Do Nurses at Medilodge Of Shoreline Stick Around?

Medilodge of Shoreline has a staff turnover rate of 46%, which is about average for Michigan nursing homes (state average: 46%). Moderate turnover is common in nursing homes, but families should still ask about staff tenure and how the facility maintains care continuity when employees leave.

Was Medilodge Of Shoreline Ever Fined?

Medilodge of Shoreline has no federal fines on record. CMS issues fines when nursing homes fail to meet care standards or don't correct problems found during inspections. The absence of fines suggests the facility has either maintained compliance or corrected any issues before penalties were assessed. This is a positive indicator, though families should still review recent inspection reports for the full picture.

Is Medilodge Of Shoreline on Any Federal Watch List?

Medilodge of Shoreline is not on any federal watch list.
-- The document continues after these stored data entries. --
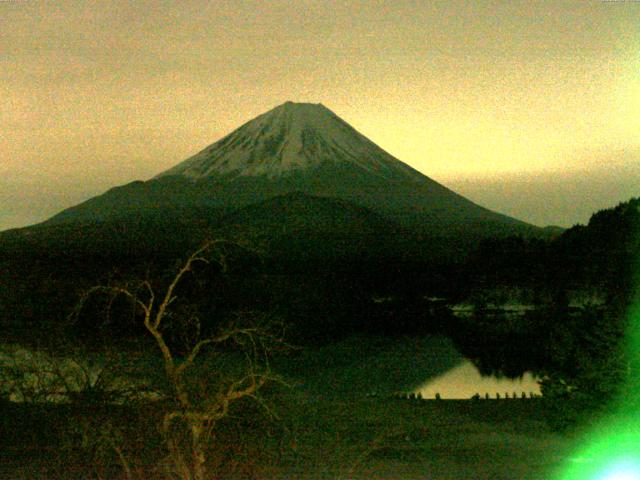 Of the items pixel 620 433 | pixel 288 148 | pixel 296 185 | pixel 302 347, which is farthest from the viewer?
pixel 288 148

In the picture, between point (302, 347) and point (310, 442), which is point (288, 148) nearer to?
point (310, 442)

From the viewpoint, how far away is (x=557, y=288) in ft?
116

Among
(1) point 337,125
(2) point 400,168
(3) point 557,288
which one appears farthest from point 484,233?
(3) point 557,288

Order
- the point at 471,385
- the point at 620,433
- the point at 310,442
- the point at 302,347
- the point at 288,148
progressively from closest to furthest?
the point at 302,347 → the point at 620,433 → the point at 310,442 → the point at 471,385 → the point at 288,148

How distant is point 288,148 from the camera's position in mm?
97062

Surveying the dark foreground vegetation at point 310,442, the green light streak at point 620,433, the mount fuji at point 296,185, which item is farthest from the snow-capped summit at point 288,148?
the green light streak at point 620,433

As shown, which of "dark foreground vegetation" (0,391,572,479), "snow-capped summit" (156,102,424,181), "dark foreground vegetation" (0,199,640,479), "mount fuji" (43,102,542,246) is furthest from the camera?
"snow-capped summit" (156,102,424,181)

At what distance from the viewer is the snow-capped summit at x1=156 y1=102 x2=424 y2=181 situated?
3669 inches

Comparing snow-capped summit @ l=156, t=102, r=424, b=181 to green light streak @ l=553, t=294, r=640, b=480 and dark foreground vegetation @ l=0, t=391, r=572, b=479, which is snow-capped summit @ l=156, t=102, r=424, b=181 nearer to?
dark foreground vegetation @ l=0, t=391, r=572, b=479

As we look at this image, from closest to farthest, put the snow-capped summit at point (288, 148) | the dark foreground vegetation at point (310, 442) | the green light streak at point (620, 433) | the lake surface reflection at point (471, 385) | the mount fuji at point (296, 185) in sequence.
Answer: the dark foreground vegetation at point (310, 442)
the green light streak at point (620, 433)
the lake surface reflection at point (471, 385)
the mount fuji at point (296, 185)
the snow-capped summit at point (288, 148)

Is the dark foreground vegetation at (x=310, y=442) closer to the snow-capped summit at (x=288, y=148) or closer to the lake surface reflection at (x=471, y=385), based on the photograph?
the lake surface reflection at (x=471, y=385)

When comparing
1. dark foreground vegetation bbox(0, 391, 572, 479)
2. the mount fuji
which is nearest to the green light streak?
dark foreground vegetation bbox(0, 391, 572, 479)

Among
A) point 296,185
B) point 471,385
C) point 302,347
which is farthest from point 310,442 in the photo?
point 296,185

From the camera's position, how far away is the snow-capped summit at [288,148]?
306 ft
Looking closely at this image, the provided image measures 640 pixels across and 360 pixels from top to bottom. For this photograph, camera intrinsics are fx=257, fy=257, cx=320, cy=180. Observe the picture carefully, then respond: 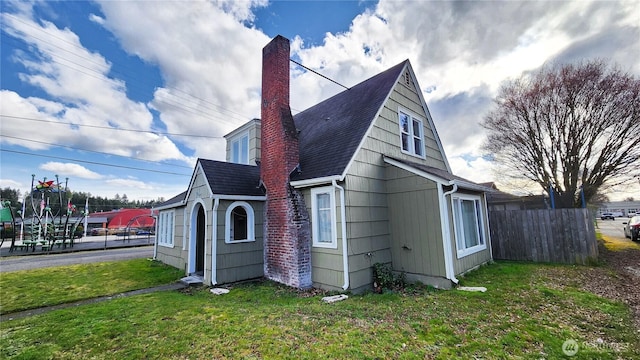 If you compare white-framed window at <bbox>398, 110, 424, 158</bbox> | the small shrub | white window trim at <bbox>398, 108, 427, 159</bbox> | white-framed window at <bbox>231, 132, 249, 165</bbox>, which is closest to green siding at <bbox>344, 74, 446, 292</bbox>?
the small shrub

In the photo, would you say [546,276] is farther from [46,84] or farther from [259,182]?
[46,84]

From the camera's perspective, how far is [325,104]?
12.2 metres

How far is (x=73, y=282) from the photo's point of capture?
8797 millimetres

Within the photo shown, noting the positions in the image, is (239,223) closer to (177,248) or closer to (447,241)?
(177,248)

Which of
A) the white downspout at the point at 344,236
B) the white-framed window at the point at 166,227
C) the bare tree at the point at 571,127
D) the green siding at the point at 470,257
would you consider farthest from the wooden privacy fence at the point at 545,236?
the white-framed window at the point at 166,227

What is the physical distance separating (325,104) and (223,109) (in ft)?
37.8

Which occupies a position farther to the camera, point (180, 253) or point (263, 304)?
point (180, 253)

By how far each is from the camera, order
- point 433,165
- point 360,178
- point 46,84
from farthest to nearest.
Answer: point 46,84 < point 433,165 < point 360,178

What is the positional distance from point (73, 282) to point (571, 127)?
76.2ft

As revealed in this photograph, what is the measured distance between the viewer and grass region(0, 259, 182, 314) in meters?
6.91

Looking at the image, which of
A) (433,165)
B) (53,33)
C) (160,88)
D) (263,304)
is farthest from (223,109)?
(263,304)

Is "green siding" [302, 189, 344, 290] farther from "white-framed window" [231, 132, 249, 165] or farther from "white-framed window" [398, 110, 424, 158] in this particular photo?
"white-framed window" [231, 132, 249, 165]

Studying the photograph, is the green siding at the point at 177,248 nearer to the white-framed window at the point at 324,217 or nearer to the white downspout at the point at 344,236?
the white-framed window at the point at 324,217

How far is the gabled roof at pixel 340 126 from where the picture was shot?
24.8ft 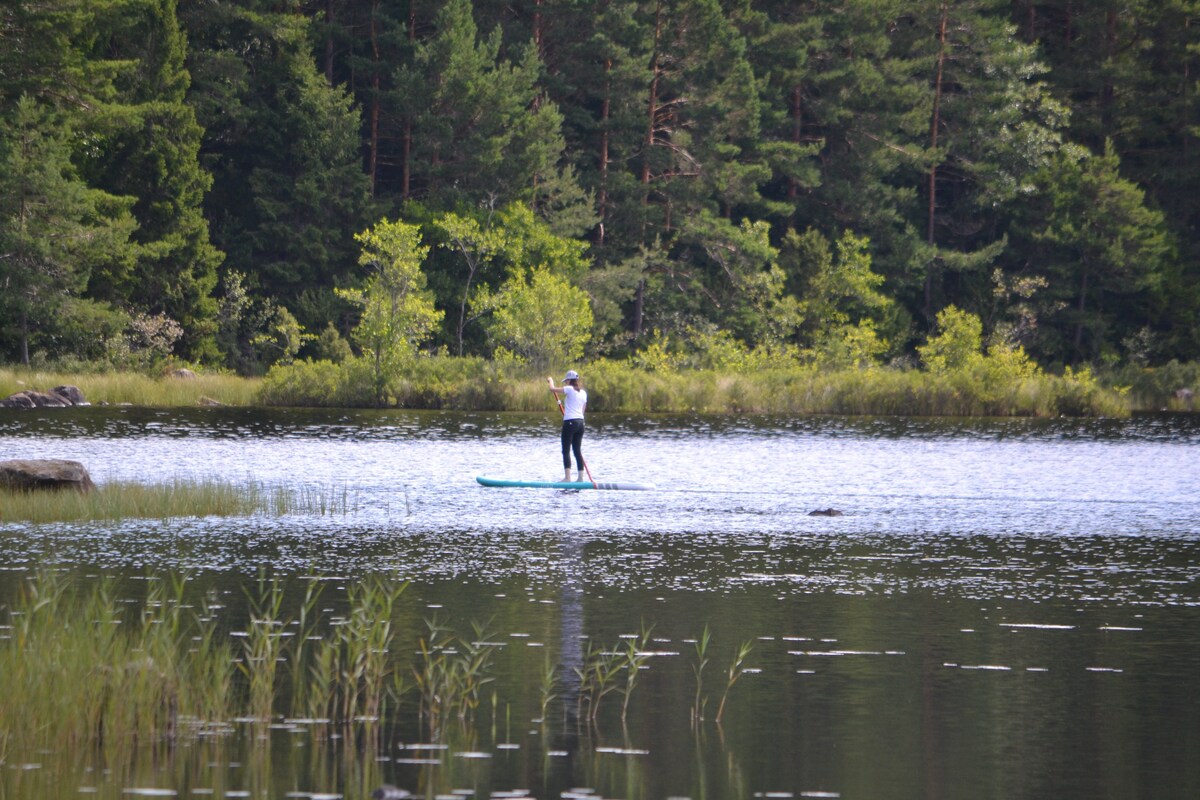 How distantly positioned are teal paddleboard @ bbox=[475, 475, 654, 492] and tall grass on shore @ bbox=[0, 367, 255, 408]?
29.6 m

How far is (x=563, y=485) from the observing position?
28750mm

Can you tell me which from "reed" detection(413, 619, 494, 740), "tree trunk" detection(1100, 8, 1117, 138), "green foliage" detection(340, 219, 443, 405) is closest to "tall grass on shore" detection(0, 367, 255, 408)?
"green foliage" detection(340, 219, 443, 405)

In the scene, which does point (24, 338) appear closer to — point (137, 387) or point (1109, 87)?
point (137, 387)

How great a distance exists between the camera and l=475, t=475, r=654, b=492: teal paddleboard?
28.8 meters

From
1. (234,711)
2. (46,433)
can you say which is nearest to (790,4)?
(46,433)

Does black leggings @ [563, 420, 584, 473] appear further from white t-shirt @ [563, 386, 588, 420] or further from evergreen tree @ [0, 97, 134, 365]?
evergreen tree @ [0, 97, 134, 365]

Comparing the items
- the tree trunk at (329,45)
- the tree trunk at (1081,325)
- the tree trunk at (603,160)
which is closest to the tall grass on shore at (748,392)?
the tree trunk at (603,160)

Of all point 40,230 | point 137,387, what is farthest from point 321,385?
point 40,230

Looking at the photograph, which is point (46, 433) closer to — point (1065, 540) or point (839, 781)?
point (1065, 540)

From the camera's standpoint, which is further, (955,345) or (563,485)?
(955,345)

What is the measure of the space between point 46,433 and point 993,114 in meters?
50.5

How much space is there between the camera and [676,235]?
7362 cm

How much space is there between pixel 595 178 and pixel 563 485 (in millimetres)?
46357

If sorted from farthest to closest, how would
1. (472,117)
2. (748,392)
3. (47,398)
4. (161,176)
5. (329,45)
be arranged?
1. (329,45)
2. (472,117)
3. (161,176)
4. (748,392)
5. (47,398) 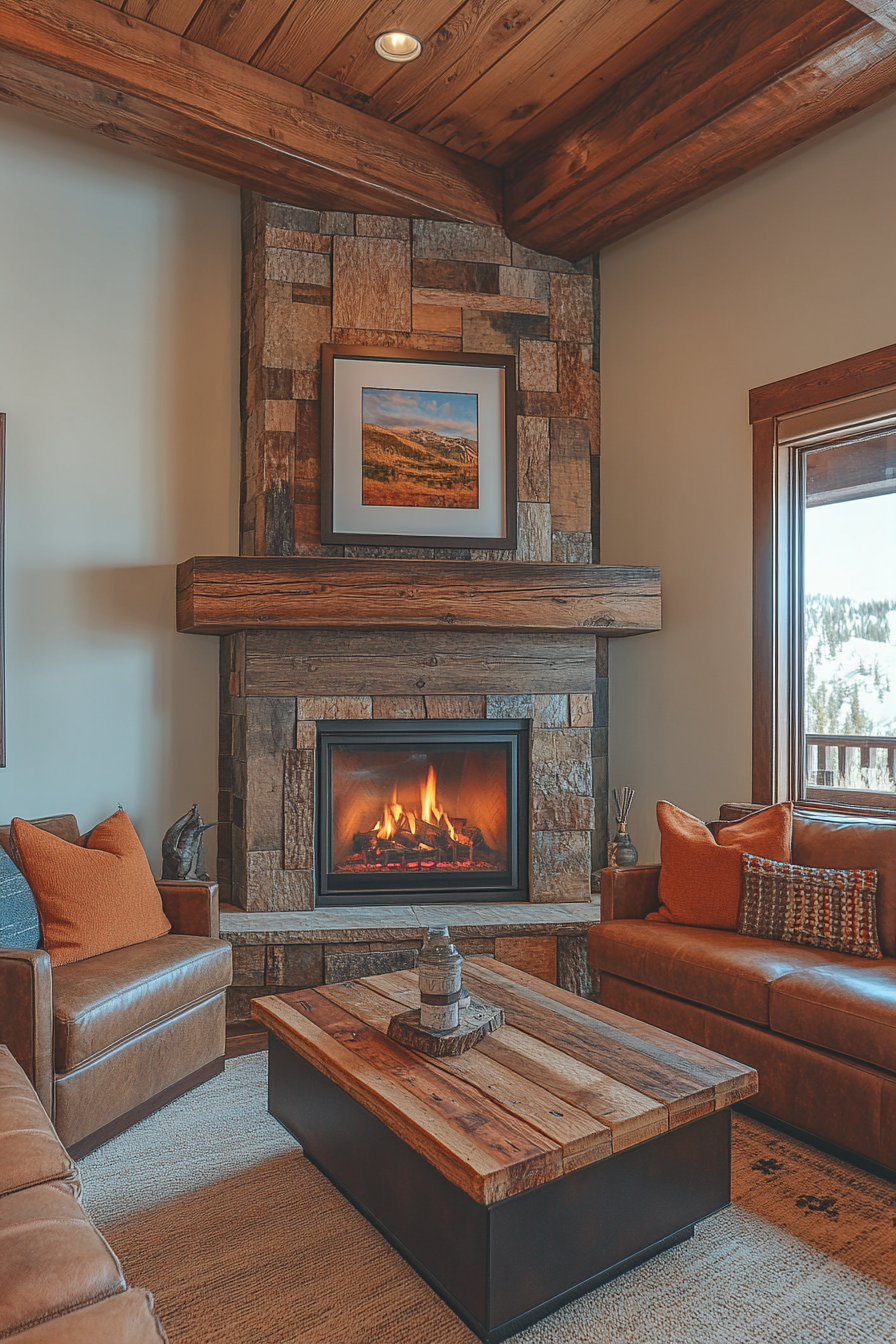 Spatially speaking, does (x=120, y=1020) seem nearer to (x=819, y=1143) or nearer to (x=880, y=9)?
(x=819, y=1143)

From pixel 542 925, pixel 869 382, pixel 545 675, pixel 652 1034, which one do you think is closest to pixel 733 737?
pixel 545 675

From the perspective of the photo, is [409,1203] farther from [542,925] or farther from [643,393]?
[643,393]

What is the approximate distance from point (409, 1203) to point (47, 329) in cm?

The most significant is the Special Focus Facility (SFF) program, which identifies the bottom 1% of nursing homes nationally based on persistent, serious quality problems. Not being on this list means the facility has avoided the pattern of deficiencies that triggers enhanced federal oversight. This is a positive indicator, though families should still review the facility's inspection history directly.